Les lois du New Deal commençaient aussi à être promulguées sous la pression populaire. Il y avait une certaine conviction qu’on allait s’en sortir.

Aujourd’hui, c’est différent. Nous sommes dans un climat pervers où ont n’attend plus aucun développement positif, qui va même jusqu’au désespoir. Je pense que c’est assez nouveau dans l’histoire américaine. Et il y a une base objective à cet état d’esprit. Dans les années trente, les chômeurs et chômeuses pouvaient penser, de façon assez réaliste, qu’ils allaient retrouver des emplois. Aujourd’hui, si vous travaillez dans le secteur manufacturier et que vous perdez votre emploi, (le taux de chômage dans ce secteur est à peu près égal à ce qu’il était durant la grande dépression), et si les tendances se maintiennent, vous savez que ces emplois ne reviendront pas.

Un tournant historique

Le changement a eu lieu durant les années soixante-dix. Pour de multiples raisons. L’une d’elles, la chute du taux de profit, a été démontrée par l’historien de l’économie, le Professeur Robert Martin qui a beaucoup étudié ces sujets. Cela, avec d’autres facteurs, a mené à un renversement de 700 ans de progrès dans l’industrialisation et le développement. Nous sommes entrés dans un processus de désindustrialisation et de recul de la croissance. Bien sûr, la production manufacturière se poursuit, mais ailleurs. C’est très profitable pour les industriels mais pas pour les ouvriers et ouvrières. Nous avons aussi subit un changement important de l’économie. Nous sommes passés de l’économie liée aux entreprises manufacturières, celles qui produisent des biens dont la population a besoin vers la finance et la manipulation financière. La financiarisation de l’économie a pris naissance à ce moment-là.
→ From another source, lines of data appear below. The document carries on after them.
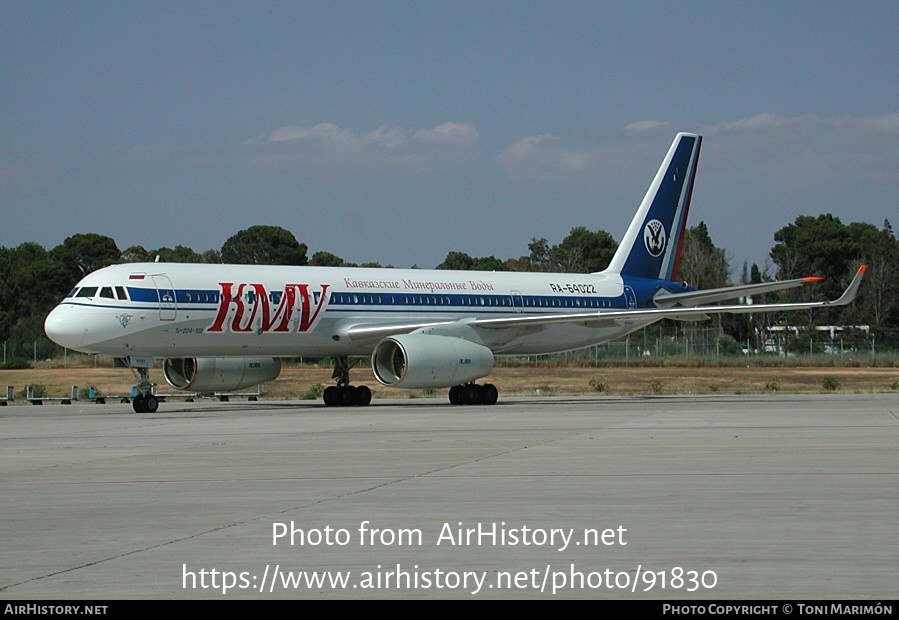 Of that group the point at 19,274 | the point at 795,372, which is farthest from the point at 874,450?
the point at 19,274

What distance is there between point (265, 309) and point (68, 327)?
15.5 ft

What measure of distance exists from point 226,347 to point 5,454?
13.3m

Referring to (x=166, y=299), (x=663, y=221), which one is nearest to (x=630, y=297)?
(x=663, y=221)

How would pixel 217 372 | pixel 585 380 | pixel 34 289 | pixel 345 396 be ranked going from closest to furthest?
pixel 217 372 < pixel 345 396 < pixel 585 380 < pixel 34 289

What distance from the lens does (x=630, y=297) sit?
1533 inches

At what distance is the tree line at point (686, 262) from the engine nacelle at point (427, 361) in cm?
4281

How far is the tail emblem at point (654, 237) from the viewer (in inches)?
1576

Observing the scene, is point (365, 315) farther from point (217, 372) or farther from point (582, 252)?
point (582, 252)

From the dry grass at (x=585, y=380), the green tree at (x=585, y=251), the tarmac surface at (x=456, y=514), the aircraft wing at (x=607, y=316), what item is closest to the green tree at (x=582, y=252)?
the green tree at (x=585, y=251)

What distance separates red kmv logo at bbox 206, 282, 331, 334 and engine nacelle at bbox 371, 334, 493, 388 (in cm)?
199

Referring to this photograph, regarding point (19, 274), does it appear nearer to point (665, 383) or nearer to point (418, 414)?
point (665, 383)

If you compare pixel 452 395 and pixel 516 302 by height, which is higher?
pixel 516 302

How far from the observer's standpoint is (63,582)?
24.6 ft

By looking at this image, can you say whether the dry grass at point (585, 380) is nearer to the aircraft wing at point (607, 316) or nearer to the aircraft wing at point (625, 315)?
the aircraft wing at point (625, 315) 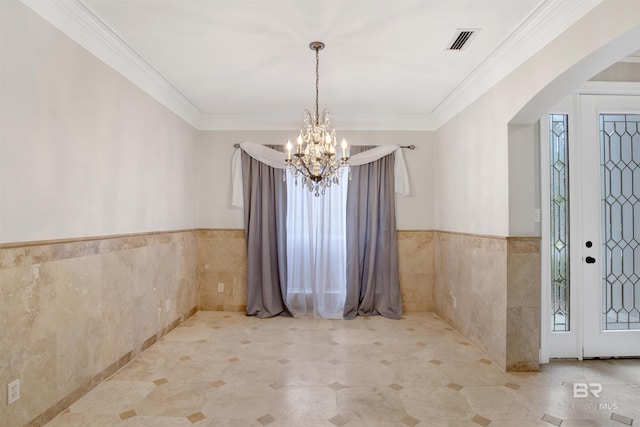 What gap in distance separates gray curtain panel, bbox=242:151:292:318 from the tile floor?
0.95 meters

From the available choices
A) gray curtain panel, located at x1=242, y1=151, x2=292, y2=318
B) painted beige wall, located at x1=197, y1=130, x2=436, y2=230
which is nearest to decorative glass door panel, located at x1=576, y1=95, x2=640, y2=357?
painted beige wall, located at x1=197, y1=130, x2=436, y2=230

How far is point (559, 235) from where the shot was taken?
347 cm

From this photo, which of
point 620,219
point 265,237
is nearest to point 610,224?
point 620,219

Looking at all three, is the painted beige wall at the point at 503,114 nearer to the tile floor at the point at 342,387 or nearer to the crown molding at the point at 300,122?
the crown molding at the point at 300,122

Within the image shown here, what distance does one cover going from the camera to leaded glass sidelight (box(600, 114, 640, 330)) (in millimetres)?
3494

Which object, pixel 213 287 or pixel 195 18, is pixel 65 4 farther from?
pixel 213 287

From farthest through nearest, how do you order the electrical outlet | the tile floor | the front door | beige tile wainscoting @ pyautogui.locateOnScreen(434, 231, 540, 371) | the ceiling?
the front door < beige tile wainscoting @ pyautogui.locateOnScreen(434, 231, 540, 371) < the ceiling < the tile floor < the electrical outlet

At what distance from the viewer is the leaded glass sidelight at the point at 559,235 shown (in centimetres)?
346

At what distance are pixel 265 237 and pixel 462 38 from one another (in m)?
3.36

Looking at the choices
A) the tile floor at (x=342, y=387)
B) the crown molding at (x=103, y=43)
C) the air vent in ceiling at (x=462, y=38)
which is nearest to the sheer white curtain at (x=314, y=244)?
the tile floor at (x=342, y=387)

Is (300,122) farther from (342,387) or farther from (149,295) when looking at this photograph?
(342,387)

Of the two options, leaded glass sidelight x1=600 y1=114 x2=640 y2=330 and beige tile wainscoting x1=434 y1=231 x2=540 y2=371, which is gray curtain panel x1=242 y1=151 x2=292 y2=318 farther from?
leaded glass sidelight x1=600 y1=114 x2=640 y2=330

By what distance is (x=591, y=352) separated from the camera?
3434 millimetres

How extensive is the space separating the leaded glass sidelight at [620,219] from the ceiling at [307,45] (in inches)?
54.0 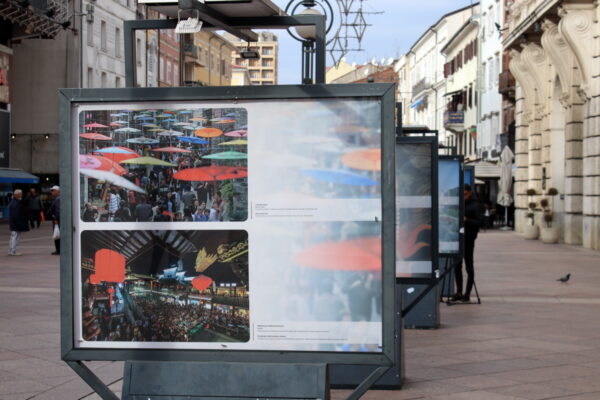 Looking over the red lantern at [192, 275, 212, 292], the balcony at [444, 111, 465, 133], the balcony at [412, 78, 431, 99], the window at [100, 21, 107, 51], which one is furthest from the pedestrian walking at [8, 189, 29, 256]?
the balcony at [412, 78, 431, 99]

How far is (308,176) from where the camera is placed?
5.43 metres

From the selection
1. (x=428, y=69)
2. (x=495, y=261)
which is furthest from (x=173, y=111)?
(x=428, y=69)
Avant les années soixante-dix, les banques étaient des banques ; elles faisaient ce qu’elles doivent faire dans une économie capitaliste : prendre des fonds non utilisés, (par exemple vos dépôts) et les transférer dans quelque investissement utile, (par exemple un achat de maison ou le paiement pour l’éducation d’un enfant). Il n’y avait pas de crises financières. Ce fut une période d’énorme croissance, la plus importante dans l’histoire américaine peut-être même dans toute l’histoire économique. La croissance soutenue au cours des années cinquante et soixante était égalitaire. La population du plus bas percentile améliorait ses revenus de même que celle du plus haut. Beaucoup de gens sont arrivés à un niveau de vie raisonnable. On les appelle aujourd’hui la classe moyenne, dans d’autres pays on parle de la classe ouvrière.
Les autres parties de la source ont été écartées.